▸ **Task description**:
Transcribe exactly the line that contains "this 1152×648 image." and every line after it through the end of the records, with nothing else.

▸ **Given entries**:
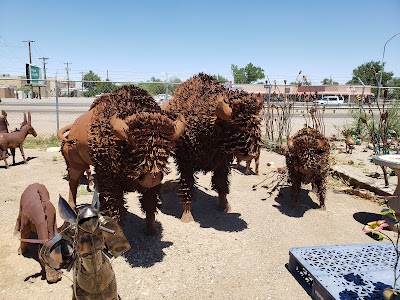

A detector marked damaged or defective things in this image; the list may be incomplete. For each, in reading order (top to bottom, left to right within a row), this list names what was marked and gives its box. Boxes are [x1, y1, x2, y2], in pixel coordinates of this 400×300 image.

rusted metal animal sculpture [0, 112, 36, 169]
rusted metal animal sculpture [57, 84, 185, 234]
rusted metal animal sculpture [162, 73, 262, 221]
rusted metal animal sculpture [233, 146, 260, 175]
rusted metal animal sculpture [286, 126, 330, 209]
rusted metal animal sculpture [14, 183, 61, 284]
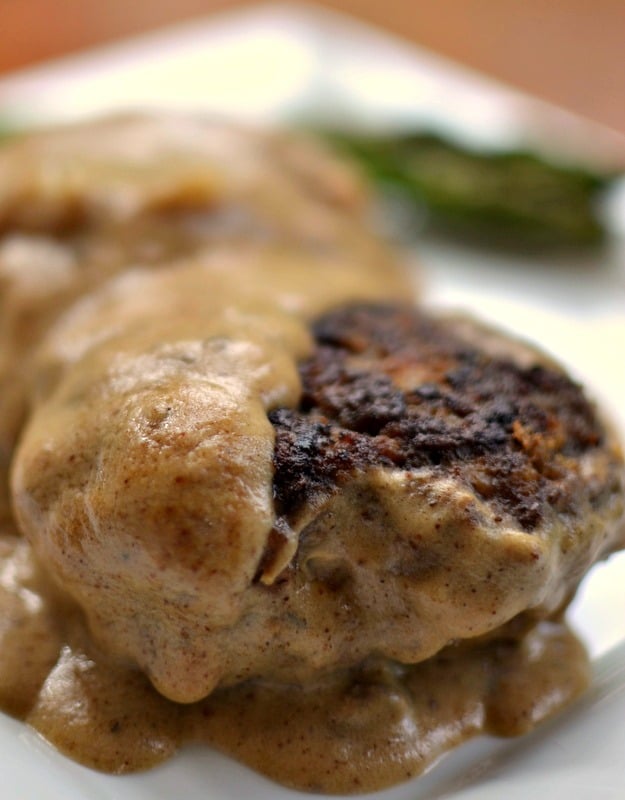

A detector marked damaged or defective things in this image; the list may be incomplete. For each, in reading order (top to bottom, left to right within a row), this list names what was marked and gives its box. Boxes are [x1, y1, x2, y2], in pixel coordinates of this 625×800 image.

charred edge of patty [268, 304, 604, 532]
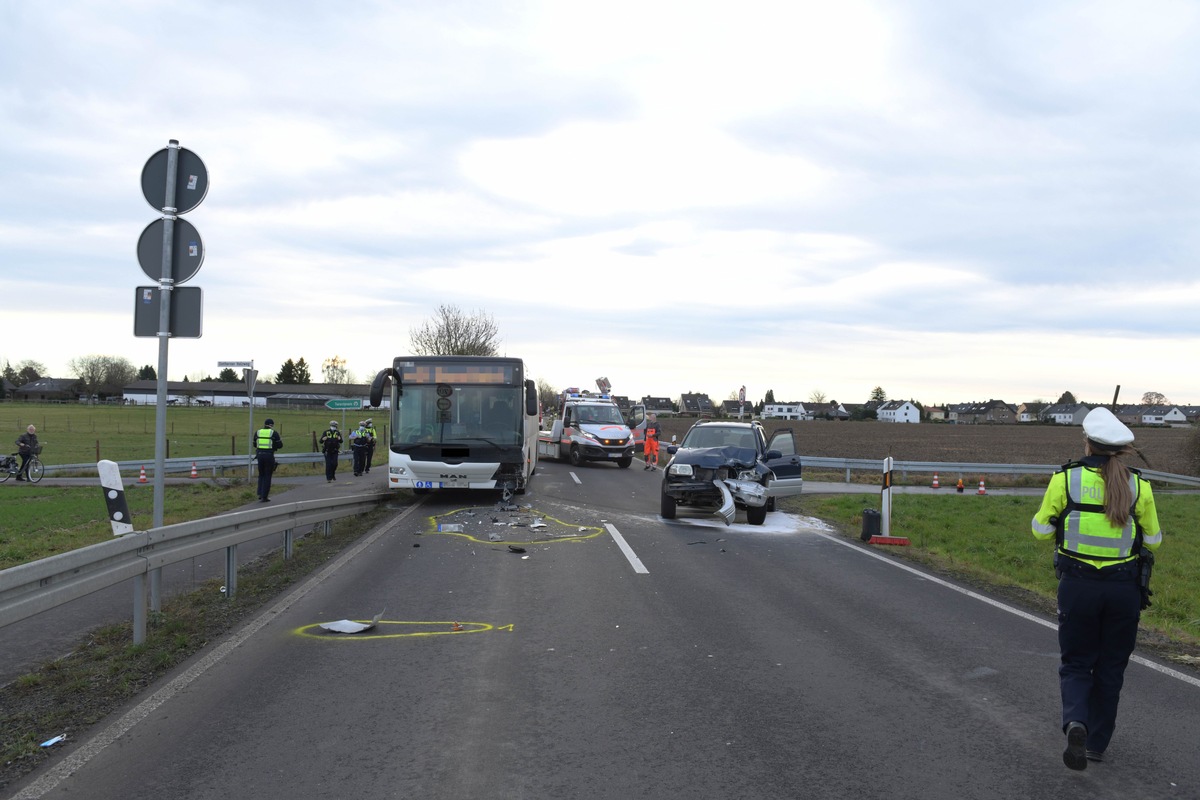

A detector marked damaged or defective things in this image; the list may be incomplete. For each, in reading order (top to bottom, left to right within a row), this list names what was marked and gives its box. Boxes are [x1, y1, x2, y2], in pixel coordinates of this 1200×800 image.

damaged suv [662, 419, 801, 525]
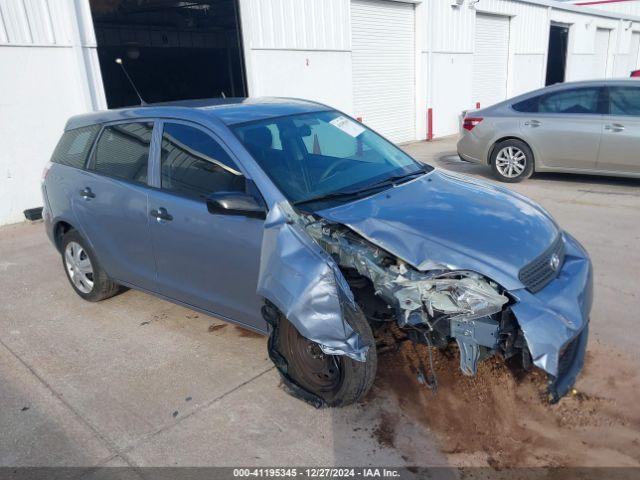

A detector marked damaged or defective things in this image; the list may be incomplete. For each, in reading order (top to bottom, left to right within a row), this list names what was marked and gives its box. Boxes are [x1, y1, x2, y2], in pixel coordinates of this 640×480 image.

damaged blue hatchback [42, 97, 592, 404]
crumpled hood [320, 170, 560, 288]
damaged bumper [508, 232, 592, 402]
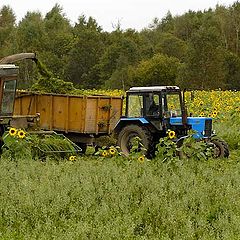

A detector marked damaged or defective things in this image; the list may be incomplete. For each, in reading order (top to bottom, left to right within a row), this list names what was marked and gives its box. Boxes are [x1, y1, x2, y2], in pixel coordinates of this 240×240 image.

rusty trailer side panel [13, 92, 123, 134]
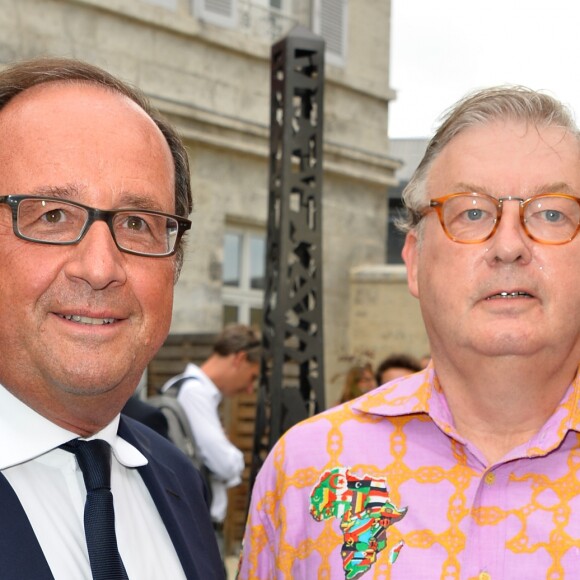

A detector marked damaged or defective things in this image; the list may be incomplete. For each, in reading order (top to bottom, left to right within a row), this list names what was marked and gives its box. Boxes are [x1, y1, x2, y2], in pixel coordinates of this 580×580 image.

rusted metal structure [250, 26, 326, 490]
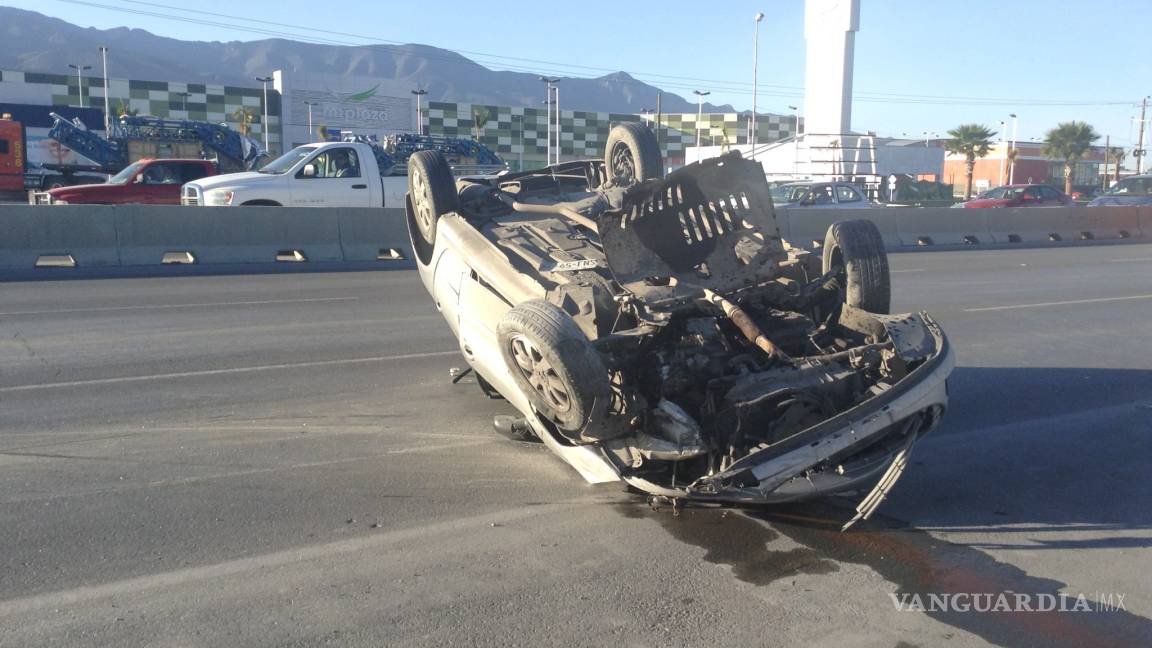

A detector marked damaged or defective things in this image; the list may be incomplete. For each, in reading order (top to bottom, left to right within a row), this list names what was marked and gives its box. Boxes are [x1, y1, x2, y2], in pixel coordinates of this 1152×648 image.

detached car door [290, 147, 372, 208]
overturned white car [404, 123, 952, 528]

▸ **Your response**:
A detector marked damaged or defective things in this image; the list may be incomplete. For each, in reading order (top to bottom, left to right within a row), this list names what was marked and gives its box. Boxes are [x1, y1, x2, y2], in pixel coordinates of this 1152×648 image.

detached car door [290, 147, 372, 208]
overturned white car [404, 123, 952, 528]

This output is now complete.